Let’s reflect on one year of blogging.
I started this blog on August 14 2021, (which is a shorter way of saying August of the last year) and I have completed a one full year of constant posting.
Naturally, it wasn’t easy, since no one around me was doing blogging, or any kind of writing or creative work. Most of the things I have done successfully or unsuccessfully, I have learned from other bloggers.
Of course, it is also good to reflect; therefore I am writing this article.
So, let’s start with…
Hard path of blogging:
Let me tell you. if you go out on the internet, and search for how to start a blog, you’ll get a feeling that it is easy to start a blog, and get readers, and money would follow in their wake.
Nothing could be further from the truth. First, blogging isn’t easy to start with. There are many things which can trip you up.
Case and point, I initially started this blog on Blogger, Google’s platform. It basically came with the Gmail account, so I thought why not? Not to mention, I wasn’t willing to pay for the platforms which were out of my range anyway (more on this later) and again, a free place to host my blog!
It took me a while to figure out the layout, because I’m blind, and I’m no genius, and it took me a while. but when I was done with everything, I had a pretty nice set up.

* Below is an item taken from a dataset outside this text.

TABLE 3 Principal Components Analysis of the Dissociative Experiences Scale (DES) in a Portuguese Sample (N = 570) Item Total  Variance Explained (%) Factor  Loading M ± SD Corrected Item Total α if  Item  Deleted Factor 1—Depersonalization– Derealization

Now, usually, I’m not a fan of your normal click bate articles teaching you how to blog. But in this case, if they give you advice about how you should connect with other bloggers, their advice is correct. But Blogger does not offer you any chance of connecting with other writers. No, you’re blogging in isolation there, waiting for the search engine to pick your sight up, which is not guaranteed, even though it is a Google platform.
Coupled with Google’s nasty habits of killing their projects, I felt like I had made a mistake. Fortunately, I didn’t have to think about it much, and in September, I switched my platform to Word Press.
But challenges do not end there. As I’ve covered in my struggles with Facebook, my links were considered harmful, and I was accused of spreading some offensive content. I tried fighting Facebooks automated bullshit for a month, but that did not result in anything, and my account got disabled.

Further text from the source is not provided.